§ Task statement
Copy every line from the records that holds the word "Picture".

§ Material for this exercise
↓
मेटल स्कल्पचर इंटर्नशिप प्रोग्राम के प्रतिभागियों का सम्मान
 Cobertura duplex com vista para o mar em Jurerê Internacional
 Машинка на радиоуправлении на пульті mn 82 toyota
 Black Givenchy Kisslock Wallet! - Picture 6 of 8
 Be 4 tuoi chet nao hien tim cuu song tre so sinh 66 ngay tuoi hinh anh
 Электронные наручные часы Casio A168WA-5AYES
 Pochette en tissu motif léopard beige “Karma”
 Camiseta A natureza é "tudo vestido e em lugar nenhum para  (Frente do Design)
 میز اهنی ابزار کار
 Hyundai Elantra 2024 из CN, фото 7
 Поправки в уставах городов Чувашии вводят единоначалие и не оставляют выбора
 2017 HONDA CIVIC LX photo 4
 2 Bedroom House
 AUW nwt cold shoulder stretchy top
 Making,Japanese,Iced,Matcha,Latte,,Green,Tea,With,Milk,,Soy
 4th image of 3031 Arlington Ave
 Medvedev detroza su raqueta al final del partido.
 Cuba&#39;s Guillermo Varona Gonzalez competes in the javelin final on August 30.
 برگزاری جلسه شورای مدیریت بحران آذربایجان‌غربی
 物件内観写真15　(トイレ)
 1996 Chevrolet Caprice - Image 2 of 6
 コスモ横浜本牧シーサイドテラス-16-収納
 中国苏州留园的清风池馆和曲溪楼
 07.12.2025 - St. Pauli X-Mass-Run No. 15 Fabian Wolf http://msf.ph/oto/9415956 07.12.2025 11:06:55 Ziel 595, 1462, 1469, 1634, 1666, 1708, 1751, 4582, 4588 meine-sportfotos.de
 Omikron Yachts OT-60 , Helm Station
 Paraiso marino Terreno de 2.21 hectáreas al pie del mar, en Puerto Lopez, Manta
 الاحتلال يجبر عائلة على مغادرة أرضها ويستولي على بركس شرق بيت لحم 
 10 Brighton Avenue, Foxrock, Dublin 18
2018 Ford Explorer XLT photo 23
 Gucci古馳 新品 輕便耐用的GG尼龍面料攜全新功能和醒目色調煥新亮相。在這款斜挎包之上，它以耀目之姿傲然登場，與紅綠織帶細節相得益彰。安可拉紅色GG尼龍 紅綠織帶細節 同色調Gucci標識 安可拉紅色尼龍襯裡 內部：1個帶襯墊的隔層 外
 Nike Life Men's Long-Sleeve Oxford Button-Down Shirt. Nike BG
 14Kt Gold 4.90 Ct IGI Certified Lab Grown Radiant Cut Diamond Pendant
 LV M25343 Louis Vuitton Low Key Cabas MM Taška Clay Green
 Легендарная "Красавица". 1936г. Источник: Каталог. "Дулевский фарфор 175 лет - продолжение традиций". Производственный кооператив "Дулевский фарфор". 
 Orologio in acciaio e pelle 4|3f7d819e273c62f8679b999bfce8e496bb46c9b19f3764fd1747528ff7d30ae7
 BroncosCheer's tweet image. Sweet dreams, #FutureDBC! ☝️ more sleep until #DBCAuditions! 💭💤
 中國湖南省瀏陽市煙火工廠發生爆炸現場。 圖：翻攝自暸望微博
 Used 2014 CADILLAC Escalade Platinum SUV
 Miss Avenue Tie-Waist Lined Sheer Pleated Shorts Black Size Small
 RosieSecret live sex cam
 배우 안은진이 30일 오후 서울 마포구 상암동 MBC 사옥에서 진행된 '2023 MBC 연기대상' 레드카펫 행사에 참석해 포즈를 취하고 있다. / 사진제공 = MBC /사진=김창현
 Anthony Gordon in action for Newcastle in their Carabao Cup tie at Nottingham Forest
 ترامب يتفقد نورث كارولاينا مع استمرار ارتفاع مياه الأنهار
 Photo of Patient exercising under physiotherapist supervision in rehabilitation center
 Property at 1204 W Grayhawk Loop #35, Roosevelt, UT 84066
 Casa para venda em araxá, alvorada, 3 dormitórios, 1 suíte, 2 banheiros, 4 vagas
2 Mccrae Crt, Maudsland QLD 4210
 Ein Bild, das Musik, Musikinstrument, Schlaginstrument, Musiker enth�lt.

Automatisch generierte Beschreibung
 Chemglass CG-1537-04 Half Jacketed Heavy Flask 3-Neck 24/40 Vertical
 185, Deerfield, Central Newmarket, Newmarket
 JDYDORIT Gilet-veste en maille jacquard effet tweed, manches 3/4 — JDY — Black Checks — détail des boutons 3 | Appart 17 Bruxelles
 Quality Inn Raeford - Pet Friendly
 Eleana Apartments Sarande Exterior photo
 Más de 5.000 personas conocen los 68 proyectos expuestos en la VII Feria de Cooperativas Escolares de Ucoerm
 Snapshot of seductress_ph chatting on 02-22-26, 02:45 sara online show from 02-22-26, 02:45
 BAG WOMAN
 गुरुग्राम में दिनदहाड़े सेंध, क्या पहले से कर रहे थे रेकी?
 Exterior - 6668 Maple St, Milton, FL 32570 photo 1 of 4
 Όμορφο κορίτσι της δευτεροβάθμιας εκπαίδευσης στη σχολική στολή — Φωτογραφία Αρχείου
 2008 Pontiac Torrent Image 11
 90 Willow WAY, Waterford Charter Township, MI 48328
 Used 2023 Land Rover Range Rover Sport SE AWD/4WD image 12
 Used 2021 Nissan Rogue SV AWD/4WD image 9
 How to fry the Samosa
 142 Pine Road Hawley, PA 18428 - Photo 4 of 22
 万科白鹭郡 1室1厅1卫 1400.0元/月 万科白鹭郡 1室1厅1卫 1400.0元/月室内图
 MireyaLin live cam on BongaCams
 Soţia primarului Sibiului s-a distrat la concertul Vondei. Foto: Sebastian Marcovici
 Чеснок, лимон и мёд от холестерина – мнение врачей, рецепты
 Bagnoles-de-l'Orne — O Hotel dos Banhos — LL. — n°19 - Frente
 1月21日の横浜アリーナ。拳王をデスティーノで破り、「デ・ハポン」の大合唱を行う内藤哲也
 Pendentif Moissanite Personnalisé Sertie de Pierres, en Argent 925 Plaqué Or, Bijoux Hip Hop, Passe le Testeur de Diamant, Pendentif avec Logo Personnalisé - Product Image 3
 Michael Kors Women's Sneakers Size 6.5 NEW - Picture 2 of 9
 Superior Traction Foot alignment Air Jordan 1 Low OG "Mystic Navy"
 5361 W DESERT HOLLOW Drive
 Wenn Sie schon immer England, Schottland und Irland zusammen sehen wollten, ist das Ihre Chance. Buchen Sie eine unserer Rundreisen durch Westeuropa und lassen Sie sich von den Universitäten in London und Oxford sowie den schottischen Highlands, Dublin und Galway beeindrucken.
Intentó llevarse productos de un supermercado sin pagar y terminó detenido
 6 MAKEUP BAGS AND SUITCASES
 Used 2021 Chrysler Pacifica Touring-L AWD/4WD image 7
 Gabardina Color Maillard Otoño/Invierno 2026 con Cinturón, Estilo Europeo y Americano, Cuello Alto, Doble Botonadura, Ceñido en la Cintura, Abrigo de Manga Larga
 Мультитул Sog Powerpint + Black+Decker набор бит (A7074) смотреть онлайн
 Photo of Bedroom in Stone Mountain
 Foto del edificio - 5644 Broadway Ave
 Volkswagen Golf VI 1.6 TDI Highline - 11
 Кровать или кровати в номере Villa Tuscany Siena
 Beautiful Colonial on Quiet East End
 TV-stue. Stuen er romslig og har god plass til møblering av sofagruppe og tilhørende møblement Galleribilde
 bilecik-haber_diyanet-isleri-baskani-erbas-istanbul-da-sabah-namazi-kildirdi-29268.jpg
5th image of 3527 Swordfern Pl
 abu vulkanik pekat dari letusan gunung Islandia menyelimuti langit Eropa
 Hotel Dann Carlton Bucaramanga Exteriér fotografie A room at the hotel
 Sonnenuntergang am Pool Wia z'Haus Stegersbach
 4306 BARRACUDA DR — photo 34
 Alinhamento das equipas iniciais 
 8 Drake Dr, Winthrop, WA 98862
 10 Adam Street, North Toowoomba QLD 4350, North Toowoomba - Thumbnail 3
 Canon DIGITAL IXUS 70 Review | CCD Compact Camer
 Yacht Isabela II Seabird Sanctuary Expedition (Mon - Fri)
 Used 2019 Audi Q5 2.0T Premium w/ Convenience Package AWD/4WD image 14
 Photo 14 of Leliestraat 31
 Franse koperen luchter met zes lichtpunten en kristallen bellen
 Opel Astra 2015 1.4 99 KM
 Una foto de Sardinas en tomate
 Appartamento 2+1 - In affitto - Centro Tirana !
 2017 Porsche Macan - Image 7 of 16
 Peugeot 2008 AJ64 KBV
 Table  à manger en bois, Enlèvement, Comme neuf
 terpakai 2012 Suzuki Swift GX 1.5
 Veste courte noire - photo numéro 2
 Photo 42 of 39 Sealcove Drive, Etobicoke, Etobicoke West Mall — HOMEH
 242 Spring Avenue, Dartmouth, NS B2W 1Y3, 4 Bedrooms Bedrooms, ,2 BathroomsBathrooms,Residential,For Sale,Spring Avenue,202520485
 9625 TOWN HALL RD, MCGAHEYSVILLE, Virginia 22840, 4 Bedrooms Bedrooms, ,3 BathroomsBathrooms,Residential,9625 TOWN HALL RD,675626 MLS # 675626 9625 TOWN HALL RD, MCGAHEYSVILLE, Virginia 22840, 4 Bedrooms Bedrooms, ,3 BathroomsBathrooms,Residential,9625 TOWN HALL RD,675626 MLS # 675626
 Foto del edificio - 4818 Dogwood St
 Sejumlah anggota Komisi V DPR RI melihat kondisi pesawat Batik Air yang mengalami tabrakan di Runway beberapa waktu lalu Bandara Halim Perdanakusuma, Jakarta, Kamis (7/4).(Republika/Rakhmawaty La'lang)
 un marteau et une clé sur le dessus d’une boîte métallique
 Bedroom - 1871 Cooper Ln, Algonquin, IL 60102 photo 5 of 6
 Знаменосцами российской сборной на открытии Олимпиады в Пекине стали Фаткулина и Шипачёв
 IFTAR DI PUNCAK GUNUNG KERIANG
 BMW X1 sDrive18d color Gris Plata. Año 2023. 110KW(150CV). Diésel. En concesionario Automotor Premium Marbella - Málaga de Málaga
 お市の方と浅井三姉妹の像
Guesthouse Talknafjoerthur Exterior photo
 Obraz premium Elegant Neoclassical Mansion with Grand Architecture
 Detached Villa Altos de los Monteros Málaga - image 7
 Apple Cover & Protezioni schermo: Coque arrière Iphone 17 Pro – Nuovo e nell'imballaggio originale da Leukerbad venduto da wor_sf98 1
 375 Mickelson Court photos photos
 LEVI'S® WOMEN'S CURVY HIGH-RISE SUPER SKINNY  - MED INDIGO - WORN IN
↑
§ Solution for this task
 Black Givenchy Kisslock Wallet! - Picture 6 of 8
 Michael Kors Women's Sneakers Size 6.5 NEW - Picture 2 of 9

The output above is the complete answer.